Dataset:
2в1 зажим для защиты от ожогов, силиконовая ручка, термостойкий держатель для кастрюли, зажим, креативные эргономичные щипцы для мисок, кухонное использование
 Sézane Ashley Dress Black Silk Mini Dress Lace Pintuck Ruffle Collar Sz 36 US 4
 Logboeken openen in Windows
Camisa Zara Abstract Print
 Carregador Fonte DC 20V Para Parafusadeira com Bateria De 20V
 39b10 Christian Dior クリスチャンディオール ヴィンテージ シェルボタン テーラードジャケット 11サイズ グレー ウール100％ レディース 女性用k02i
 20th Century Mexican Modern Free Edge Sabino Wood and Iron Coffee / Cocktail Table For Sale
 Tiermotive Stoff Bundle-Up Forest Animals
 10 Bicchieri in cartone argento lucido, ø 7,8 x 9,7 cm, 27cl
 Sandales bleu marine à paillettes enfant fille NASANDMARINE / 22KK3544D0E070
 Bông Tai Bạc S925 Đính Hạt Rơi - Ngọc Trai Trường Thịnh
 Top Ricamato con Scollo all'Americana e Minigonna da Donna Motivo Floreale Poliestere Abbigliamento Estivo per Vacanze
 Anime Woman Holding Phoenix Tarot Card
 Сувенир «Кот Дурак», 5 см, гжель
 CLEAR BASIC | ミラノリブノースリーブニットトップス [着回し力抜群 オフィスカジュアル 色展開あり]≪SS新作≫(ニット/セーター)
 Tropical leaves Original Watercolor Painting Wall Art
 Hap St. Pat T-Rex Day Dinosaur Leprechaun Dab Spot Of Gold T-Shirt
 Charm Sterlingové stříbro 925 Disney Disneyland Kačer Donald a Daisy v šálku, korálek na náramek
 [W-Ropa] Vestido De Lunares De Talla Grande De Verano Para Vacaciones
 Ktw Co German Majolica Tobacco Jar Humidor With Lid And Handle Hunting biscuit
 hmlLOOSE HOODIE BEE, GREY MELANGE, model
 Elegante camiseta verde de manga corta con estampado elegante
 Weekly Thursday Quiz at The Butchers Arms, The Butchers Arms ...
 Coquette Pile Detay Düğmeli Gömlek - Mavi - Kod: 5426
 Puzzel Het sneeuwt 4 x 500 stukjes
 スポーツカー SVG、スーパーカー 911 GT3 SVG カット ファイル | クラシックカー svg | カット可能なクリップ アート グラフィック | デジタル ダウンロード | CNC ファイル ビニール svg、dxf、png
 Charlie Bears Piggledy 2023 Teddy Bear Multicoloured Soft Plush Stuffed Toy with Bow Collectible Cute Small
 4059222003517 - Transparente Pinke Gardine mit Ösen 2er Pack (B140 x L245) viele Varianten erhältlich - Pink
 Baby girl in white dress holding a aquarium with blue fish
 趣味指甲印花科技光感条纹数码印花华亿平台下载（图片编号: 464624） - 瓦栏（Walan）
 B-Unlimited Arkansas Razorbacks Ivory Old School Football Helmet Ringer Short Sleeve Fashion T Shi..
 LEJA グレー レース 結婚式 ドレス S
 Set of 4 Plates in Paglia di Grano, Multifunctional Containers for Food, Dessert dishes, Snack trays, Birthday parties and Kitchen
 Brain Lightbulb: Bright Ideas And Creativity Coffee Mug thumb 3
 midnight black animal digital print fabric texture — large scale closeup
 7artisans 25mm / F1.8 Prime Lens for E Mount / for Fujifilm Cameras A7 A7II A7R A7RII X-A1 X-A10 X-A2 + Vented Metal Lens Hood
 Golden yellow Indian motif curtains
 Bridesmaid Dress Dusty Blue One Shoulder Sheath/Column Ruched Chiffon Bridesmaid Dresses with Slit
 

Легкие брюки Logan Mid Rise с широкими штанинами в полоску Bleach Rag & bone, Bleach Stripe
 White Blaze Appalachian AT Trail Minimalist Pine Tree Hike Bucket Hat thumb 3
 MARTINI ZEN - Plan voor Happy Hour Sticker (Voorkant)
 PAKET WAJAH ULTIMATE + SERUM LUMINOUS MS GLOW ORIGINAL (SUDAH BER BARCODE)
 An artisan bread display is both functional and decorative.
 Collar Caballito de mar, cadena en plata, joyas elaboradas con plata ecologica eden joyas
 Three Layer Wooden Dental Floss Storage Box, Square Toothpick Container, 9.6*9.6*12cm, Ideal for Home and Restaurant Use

Assignment:
Would you please output every record again, exactly?

Answer section:
2в1 зажим для защиты от ожогов, силиконовая ручка, термостойкий держатель для кастрюли, зажим, креативные эргономичные щипцы для мисок, кухонное использование
 Sézane Ashley Dress Black Silk Mini Dress Lace Pintuck Ruffle Collar Sz 36 US 4
 Logboeken openen in Windows
Camisa Zara Abstract Print
 Carregador Fonte DC 20V Para Parafusadeira com Bateria De 20V
 39b10 Christian Dior クリスチャンディオール ヴィンテージ シェルボタン テーラードジャケット 11サイズ グレー ウール100％ レディース 女性用k02i
 20th Century Mexican Modern Free Edge Sabino Wood and Iron Coffee / Cocktail Table For Sale
 Tiermotive Stoff Bundle-Up Forest Animals
 10 Bicchieri in cartone argento lucido, ø 7,8 x 9,7 cm, 27cl
 Sandales bleu marine à paillettes enfant fille NASANDMARINE / 22KK3544D0E070
 Bông Tai Bạc S925 Đính Hạt Rơi - Ngọc Trai Trường Thịnh
 Top Ricamato con Scollo all'Americana e Minigonna da Donna Motivo Floreale Poliestere Abbigliamento Estivo per Vacanze
 Anime Woman Holding Phoenix Tarot Card
 Сувенир «Кот Дурак», 5 см, гжель
 CLEAR BASIC | ミラノリブノースリーブニットトップス [着回し力抜群 オフィスカジュアル 色展開あり]≪SS新作≫(ニット/セーター)
 Tropical leaves Original Watercolor Painting Wall Art
 Hap St. Pat T-Rex Day Dinosaur Leprechaun Dab Spot Of Gold T-Shirt
 Charm Sterlingové stříbro 925 Disney Disneyland Kačer Donald a Daisy v šálku, korálek na náramek
 [W-Ropa] Vestido De Lunares De Talla Grande De Verano Para Vacaciones
 Ktw Co German Majolica Tobacco Jar Humidor With Lid And Handle Hunting biscuit
 hmlLOOSE HOODIE BEE, GREY MELANGE, model
 Elegante camiseta verde de manga corta con estampado elegante
 Weekly Thursday Quiz at The Butchers Arms, The Butchers Arms ...
 Coquette Pile Detay Düğmeli Gömlek - Mavi - Kod: 5426
 Puzzel Het sneeuwt 4 x 500 stukjes
 スポーツカー SVG、スーパーカー 911 GT3 SVG カット ファイル | クラシックカー svg | カット可能なクリップ アート グラフィック | デジタル ダウンロード | CNC ファイル ビニール svg、dxf、png
 Charlie Bears Piggledy 2023 Teddy Bear Multicoloured Soft Plush Stuffed Toy with Bow Collectible Cute Small
 4059222003517 - Transparente Pinke Gardine mit Ösen 2er Pack (B140 x L245) viele Varianten erhältlich - Pink
 Baby girl in white dress holding a aquarium with blue fish
 趣味指甲印花科技光感条纹数码印花华亿平台下载（图片编号: 464624） - 瓦栏（Walan）
 B-Unlimited Arkansas Razorbacks Ivory Old School Football Helmet Ringer Short Sleeve Fashion T Shi..
 LEJA グレー レース 結婚式 ドレス S
 Set of 4 Plates in Paglia di Grano, Multifunctional Containers for Food, Dessert dishes, Snack trays, Birthday parties and Kitchen
 Brain Lightbulb: Bright Ideas And Creativity Coffee Mug thumb 3
 midnight black animal digital print fabric texture — large scale closeup
 7artisans 25mm / F1.8 Prime Lens for E Mount / for Fujifilm Cameras A7 A7II A7R A7RII X-A1 X-A10 X-A2 + Vented Metal Lens Hood
 Golden yellow Indian motif curtains
 Bridesmaid Dress Dusty Blue One Shoulder Sheath/Column Ruched Chiffon Bridesmaid Dresses with Slit
 

Легкие брюки Logan Mid Rise с широкими штанинами в полоску Bleach Rag & bone, Bleach Stripe
 White Blaze Appalachian AT Trail Minimalist Pine Tree Hike Bucket Hat thumb 3
 MARTINI ZEN - Plan voor Happy Hour Sticker (Voorkant)
 PAKET WAJAH ULTIMATE + SERUM LUMINOUS MS GLOW ORIGINAL (SUDAH BER BARCODE)
 An artisan bread display is both functional and decorative.
 Collar Caballito de mar, cadena en plata, joyas elaboradas con plata ecologica eden joyas
 Three Layer Wooden Dental Floss Storage Box, Square Toothpick Container, 9.6*9.6*12cm, Ideal for Home and Restaurant Use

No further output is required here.